There was an article in this past Sunday’s Buffalo News outlining Erie County Executive Chris Collins’ desire for greater representation from the executive branch on the boards of the eight largest cultural institutions in exchange for the regular county funding that is regularly awarded.
The request seems a little heavy handed as most already have county representation, but the explanation being given is to give tax payers a greater seat at the table of organizations that receive county money. That, in and of itself, is hard to argue against.
What I’m not sure about is why the culturals are being singled out. It feels a little like token reform. The amount of money being spent on the 8 largest cultural organizations is roughly 3.5 million dollars give or take. Erie County offers the Buffalo Bills roughly that same amount with absolutely no strings attached. The Bills are not exactly starving as any passing glance at a tv contract will bear out. The culturals were told to consider the county money “the last funds in the door.” that these funds shouldn’t be used to keep the lights on, that they should be used to instead enhance programming and increase multilingual marketing, even translate signage and website advertisments into spanish, french, german, japanese and chinese. Which of the many chinese languages was never actually specified.
While that isn’t terribly practical, the whole thing seems a little petty & petulant.
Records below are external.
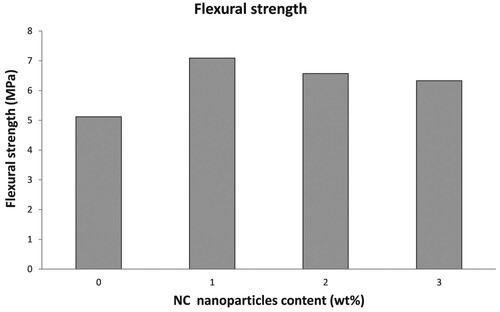 Figure 7. Flexural strength values at different percentages of CaCO3 nanoparticles for plain composite and NC nanocomposites (1 wt %NC, 2 wt %NC, 3 wt %NC)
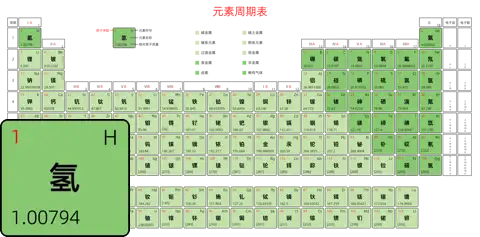 宽松 高级版 中文 阿里巴巴普惠体 粗表格 有间距 圆角矩形 带周期 带族 带示例 带分类 带电子层电子数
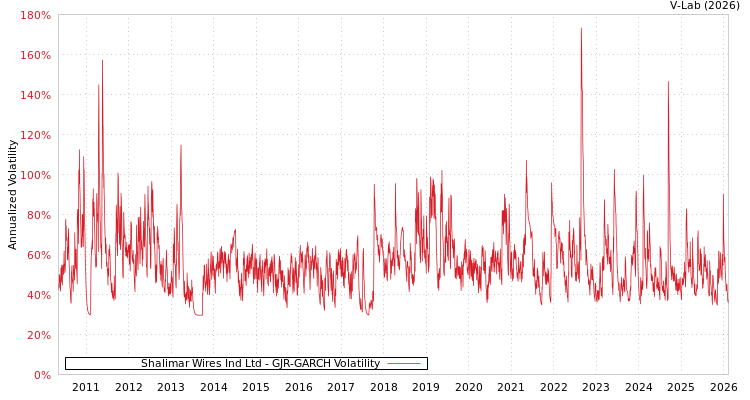 graph of Shalimar Wires Ind Ltd GJR-GARCH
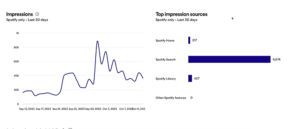 spotify-analytics-impressions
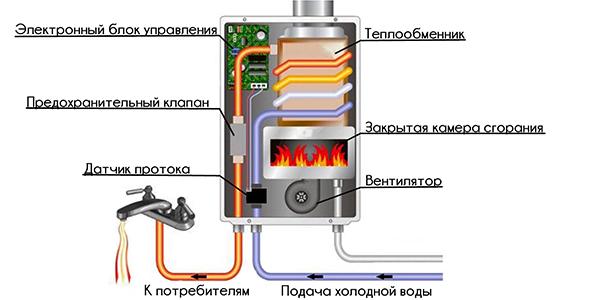 Устройство газовой колонки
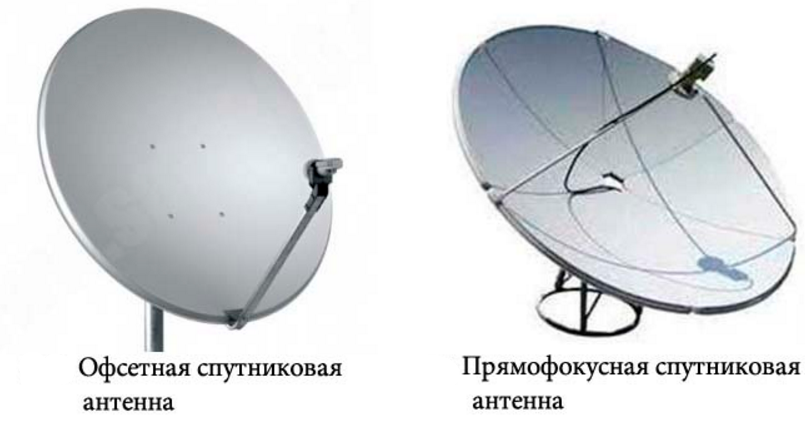 Offset and direct focal satellite TV antenna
I watch the Bills toy with WNY’s emotions every fall, and they play a decreasing amount of games in the area, yet pocket their county funding without stipulation. It’s an existing agreement and I say let that pass, but the culturals stretch through the entire calendar year and proactively contribute to the quality of life in Western New York. All operate very lean and mean when it comes to funds. Ironically enough, people come to the area to see the BPO, tour the Botanical Gardens, see the Burchfield and so on. And the extra bonus is that the money that gets spent at these places stays here. In an era where corporate support is dwindling and capital improvements have been dealt a body blow, it seems when you got a few things working and comparitively thriving, you count your blessings and work on the bigger problems.
We all need to work together and I don’t think anybody is looking for separation or anything, but the way it was reported in the news made it sound like the county was acting like Deniro in “The Untouchables,” pacing the dining room lecturing his subordinates about Team and brandishing a baseball bat.
You like to think the demand for more board seats truly is for greater representation not for places to hide folk. That office is represented on a number of boards including my employers. I fully applaud the Exec for looking to reform and spend smart.
Given that the arts outlets help broaden the quality of life for all in the area, I hope the powers that be pay due diligence to all agencies where they have an interest.